In terms of "algorithms can do anything", yes, but OP was in an "ordinary" physical setting.

My favorite delay setup is to feed a ducked delay into a non ducked delay. That way, once you generate some echoes they decay naturally instead of getting clamped by the ducker.
 
Love you nerds!

In a given setting, the Nth echo from an input of a given volume (origination of the sound, or prior repeat) will have the same level.

So, the 5th repeat of a loud sound is louder than the 5th repeat of a soft sound.

You hear more repeats because there are more that are above your threshold of hearing.

Of course, diffusion will accumulate and soften repeats as N gets larger.

In terms of "algorithms can do anything", yes, but OP was in an "ordinary" physical setting.

My favorite delay setup is to feed a ducked delay into a non ducked delay.

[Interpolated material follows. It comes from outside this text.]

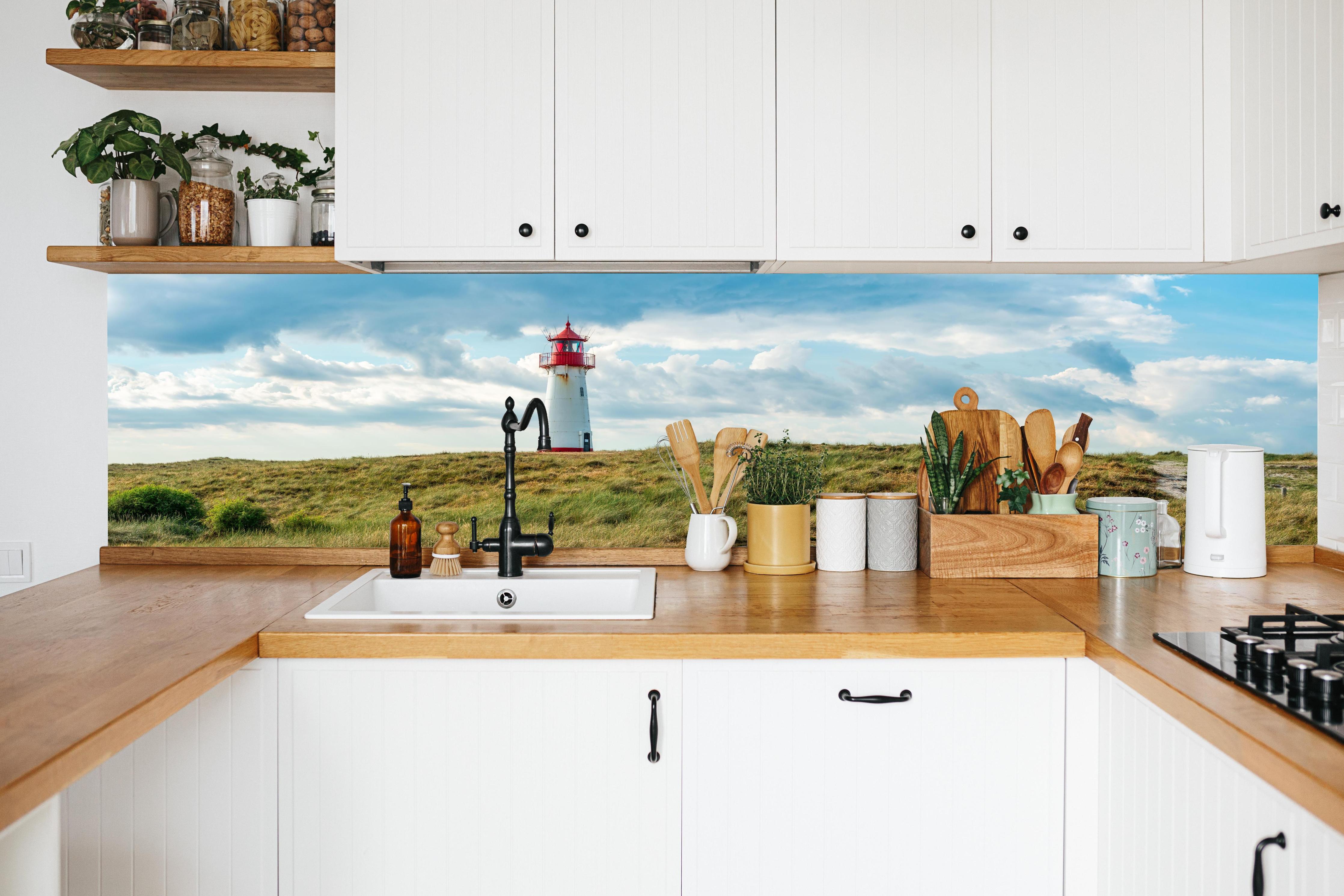 Küche - Idyllischer Leuchtturm umgeben von weiten Grasfeldern hinter weißen Hochglanz-Küchenregalen und schwarzem Wasserhahn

That way, once you generate some echoes they decay naturally instead of getting clamped by the ducker.
Now that is an interesting idea!
 
Neat idea @fractalz ! Gotta try that tonight.
@yyz67 , I'm a science teacher, and yea, I agree, decay, dissipation, etc. probably don't get enough attention in education, and you are spot on saying that effective teaching should tie back to natural phenomena when possible. I teach biology and astronomy, and end up spending a bit of time talking through inverse square law and entropy with students. I have a bunch of demos I do with guitars and amps. Last semester, I fired up my Carol Ann Tucana 3 to help demonstrate a few frequency and wavelength concepts, and completely shocked every kid in class. Good times.
 
My gut is that it's an illusion. The louder inputs cause louder echoes, which stay longer above the threshold of hearing and the noise floor.

Electronic devices may have companding and/or other trickery, but natural echoes have no such mechanism. The trails are exactly as much louder as the input.

Sez me.
/$.0000002
Correct. The number of repeats is technically infinite. It's just that at some point they fall below the noise floor. The louder the initial signal the more repeats heard before they are masked by the noise floor.